Lors d’observations précédentes de Bob, les scientifiques ont déploré qu’il soit dommage pour un oiseau aussi menacé de courir avec la mauvaise foule, craignant de ne pas réussir à s’accoupler. Mais Krohn était optimiste : de plus en plus de juvéniles sont désormais seuls, grâce à la croissance démographique, et ils sont finalement destinés aux mêmes aires de reproduction du nord. « Il y a encore de l’espoir pour Bob ! »
Le lendemain, j’étais de retour à l’aveugle avant le lever du soleil pour observer le décollage matinal. Les dunes s’attardaient dans la rivière, dansant sur un chœur de chants d’alouette des prés, apparemment pas pressés de retourner chercher de la nourriture sur les terres agricoles. À l’aube, une oie des neiges solitaire a volé en amont, faisant bondir des centaines de grues dans les airs en braillant. Peu de temps après, un aigle hurlant et planant a déclenché un brouhaha similaire.

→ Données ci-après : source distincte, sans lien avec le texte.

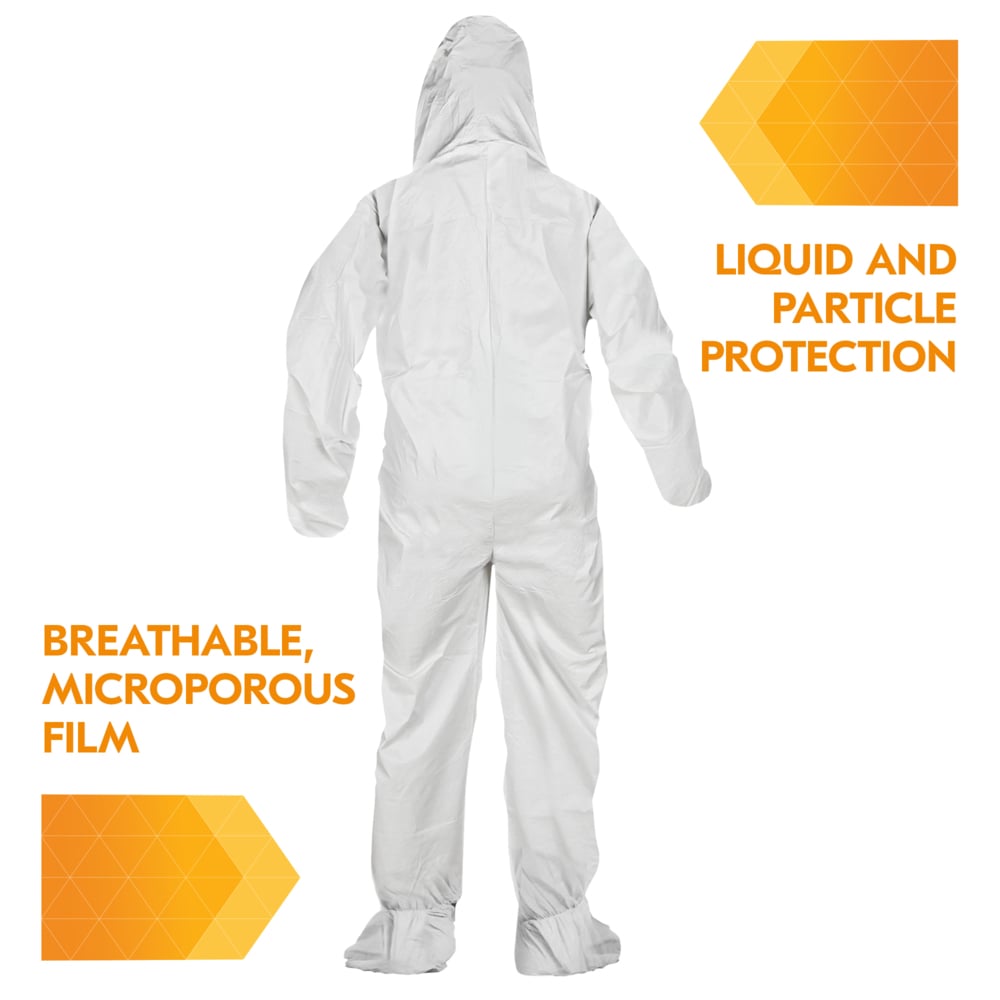 KleenGuard™ A40 Liquid & Particle Protection Coveralls (44334), Zipper Front, Elastic Wrists, Ankles, Hood & Boots, White, XL (Qty 25) - 44334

L’un des rares oiseaux à ne présenter aucune réaction indésirable ? Bob, le merveilleux aspirant blanc, qui semblait content de continuer à lisser inconsciemment les luxueuses plumes de ses ailes de sept pieds.
La morale de l’histoire : si les scientifiques et les « crâniens » locaux, comme certains Nebraskans enthousiastes sont devenus surnommés, peuvent restaurer un habitat vital, les principaux acteurs de l’un des spectacles naturels les plus anciens et les plus fascinants au monde continueront de se présenter pour se produire. Et ils pourraient amener des stars invitées encore plus excitantes.